For anybody who hasn’t seen Gremlins (shame on you) there are three simple but very, very important rules to take into account if you’re ever presented with a mogwai for Christmas. One; avoid exposing them to sunlight, two; don’t let them get their hands on water (that means no bathing, a sure plus to all dog owners reading this) and three, the most important rule of all; don’t ever, ever let them eat after midnight. The rules don’t specify just when it’s okay for them to eat again but the film makes it extremely clear how important it is to abide to the rules. Billy, with the aid of a very young Corey Feldman, suitably break all three to disastrous (if rather humorous) consequence.

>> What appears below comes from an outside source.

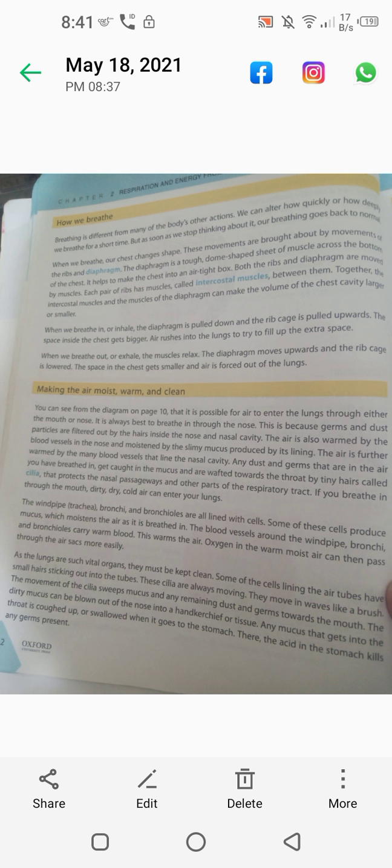When we exhale, our muscles in the diaphragm and the ribcage return to their resting position. The pressure increases from outside, and therefore we exhale the air out.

Penned by Harry Potter and the Philosopher’s Stone / Goonies director Chris Columbus, Gremlins is not the most conventional Christmas film but this makes it all the more enjoyable. Instead of driving toward an overly moralistic conclusion, the film is allowed to instead enjoy its riotous ensemble. The gremlins, hatching from Gizmo after an accidental run-in with a glass of water, gorge on numerous midnight stacks before transforming into the delightfully hideous chaos-causing monsters that give the film its instantly recognisable title.

Gremlins gloriously reeks of the Spielberg-era in which it was made (no doubt helped by Spielberg’s producing credit in the film) and contains everything that makes 80’s films great. The mixture of non-CGI creatures, recognisable stock characters (the town drunk and evil older woman being examples), creative sound effects and innocently ingenious soundtrack that suitably captures Gizmo’s recognisable whistle all amount to an hugely enjoyable film despite the fact it is nearing its 25th birthday.

Despite the fact that the majority of its characters are puppets, Gremlins is by no means a kids film. Worthy of its 15 certificate, there are some rather harrowing gremlin death scenes (look out particularly for a gremlin who awaits a gruesome microwaving fate and one who meets his maker after a savage Psycho-esque stabbing). If you choose to go against the age restriction and watch it with small children despite the grizzly death scenes beware – the film even openly admits there’s no Santa! Like we said, definitely not a kid’s film.

The gremlins themselves are suitably creepy. For all of their maniacal mayhem however their antics make for some hugely enjoyable viewing and are perhaps the best scenes in the film. Watching them let loose in a bar is one of the highlights, especially as it involves a humorous parody of the countless dance films of the era. With the scene where a gremlin-infested Christmas tree attacks Billy’s mother (Frances Lee McCain) providing what seems to be a subtle mockery of 1982’s The Entity, Gremlins is a film that openly enjoys itself.

Although it contains an unsettling amount of casual genocide (try keeping a head count of the amount of gremlins who bite the dust!), Gremlins is a classic that can be watched over and over again.

Best line: ‘Yum yum!’
Best whistle: Gizmo’s iconic whistle of course!!
Best song
: Johnny Mathis’s ‘Do You Hear What I Hear’ will never sound the same again.
Best bit; Watching the gremlins watch Snow White
Best performance; Stripe is one of the most underrated puppet baddies!

Recognise Billy’s town? That might because the film makers used the same set as the one used in Back to the Future!

Bradley says: “Christmas is a great excuse to dust this 80’s classic off and slip it back into the DVD player!”